Par Viktor Dedaj
D’abord un rappel. Depuis plus de 30 ans, Cuba présente chaque année une résolution à l’Assemblée Générale des Nations Unies. Cette résolution demande à tous les pays membres de condamner le « blocus économique, commercial et financier » des États-Unis envers Cuba. Elle est toujours accompagnée d’un document qui présente une analyse détaillée des conséquences économiques et sociales, et une longue liste d’exemples concrets. Les pertes directes pour l’économie cubaine. Les perte indirectes incommensurables. Ça fait soixante ans que ça dure et ça ne fait que se renforcer de plus en plus. Ce qui n’empêche pas de voir parfois passer des dépêches de l’AFP qui annone des trucs du genre « depuis la levée du blocus ». Ce qui n’empêche pas la totalité de la presse institutionnelle d’éviter soigneusement de parler de l’éléphant dans la salon lorsqu’ils prétendent informer sur Cuba.

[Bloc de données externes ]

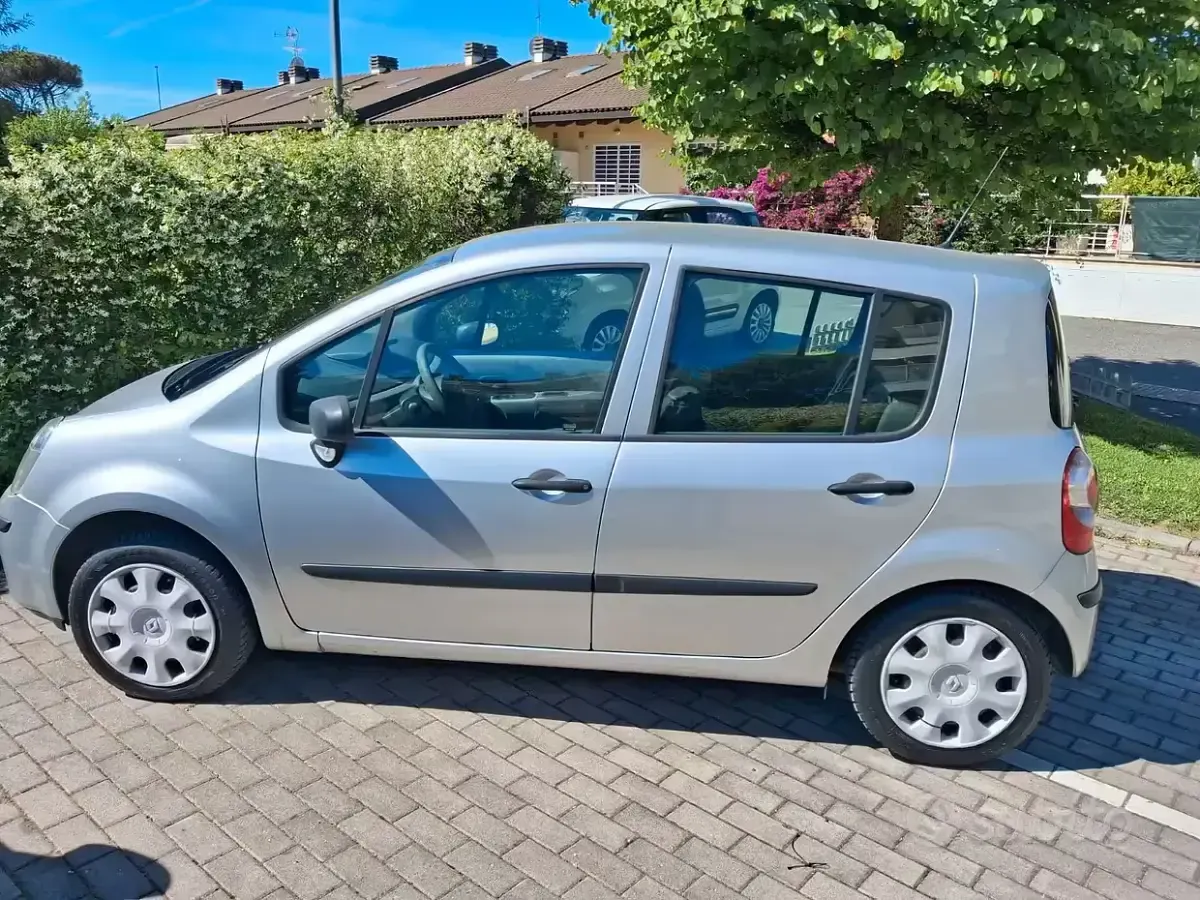 Usata Renault Modus 75 CV (55 kW) 2008 Grigio Monovolume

Chaque année donc, l’Assemblée générale des Nations unies vote. Pendant les premières années, les votes se répartissaient en gros ainsi : un tiers des pays pour la levée du blocus, un tiers contre et un tiers d’abstentions. Mais chaque année, le nombre de pays condamnant le blocus des États-Unis contre Cuba augmentait. Depuis dix ans environ, les résultats se suivent et se ressemblent. La totalité des pays membres de l’ONU condamnent le blocus. La totalité, sauf deux : les États-Unis et Israël. Israël est d’ailleurs (avec les États-Unis évidemment) le seul pays à voter systématiquement en faveur du blocus. On trouvera, selon les années, quelques abstentions, et quelques autres voix en faveur, pas toujours les mêmes. Tel pays votera une fois en faveur et se rétractera ensuite en déclarant n’avoir pas compris la question (véridique) ou tel autre qui avait apparemment besoin d’un emprunt auprès du FMI ou… Dieu sait quoi. Mais ces dernières années, on ne trouve même plus ce genre de « couac ». C’est à l’unanimité que les pays de l’ONU condamnent le blocus, à l’exception évidemment de nos deux lascars. Encore une fois, seuls contre tous.

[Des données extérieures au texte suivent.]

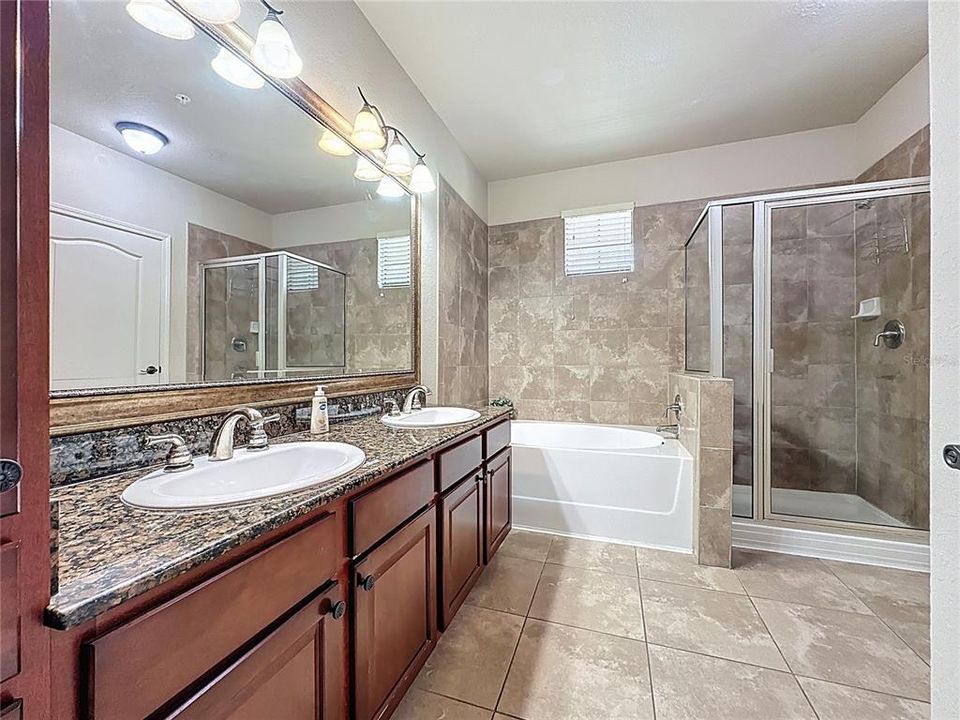 For Sale: $179,000 (3 beds, 3 baths, 1217 Square Feet)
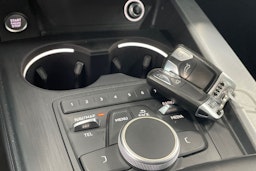 Valkoinen Audi A4 2017 kuva 14.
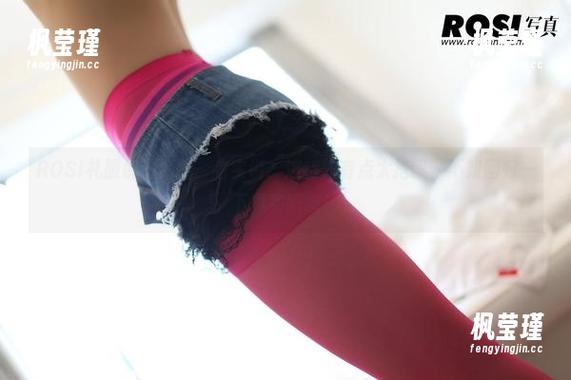 ROSI礼服最新原图，老实说，这特效有点太抢眼，不如回归一下真实吧嘛！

Cuba qualifie le blocus de « génocidaire ». Et d’aucuns hausseront les épaules en se disant qu’il s’agit d’une exagération. Et pourtant. Les avocats cubains sont très pointus en matière de droit international. Le terme n’est pas un effet de propagande car le blocus dont on parle c’est celui des États-Unis contre Cuba, le blocus réel, concret, pas celui invisible des médias, ou invisibilisé par les médias, ou imaginé par ceux qui en ont juste entendu parler et qui se disent « ben, ouais, bof, j’sais pas… ». Le blocus – et pas embargo – présente toutes les caractéristiques nécessaires et suffisantes pour être qualifié de génocidaire. A savoir un ensemble de mesures qui tentent d’infliger des souffrances économiques ET physiques, jusqu’aux plus extrêmes, à toute une population.
Le paradoxe cubain (c’est comme ça que je l’appelle) est le suivant : malgré les conditions imposées, littéralement inouïes et inconnues dans l’histoire moderne, et surtout depuis la chute de l’Union Soviétique, Cuba a réussi à en atténuer les effets les plus néfastes pour la population. Jusqu’à un certain point. Et parce que ces effets ont été atténués, l’esprit occidental de passage ne « voit » pas le blocus. Il ne voit pas le miracle cubain qui s’est opéré dans le contexte invisibilisé par les médias. Il ne voit pas l’éducation, la santé. Par contre, l’esprit occidental débusquera sans faille les immeubles décrépis (pas de ciment pour Cuba), les vieilles bagnoles (pas de voitures pour Cuba), les trucs en panne (pas de pièces détachées pour Cuba), le beurre qui manque au petit déjeuner, le café qui se fait rare, etc. Ce qui n’empêche pas, soit dit en passant, que Cuba reste une expérience humaine incroyable, pour ceux que ça intéresse.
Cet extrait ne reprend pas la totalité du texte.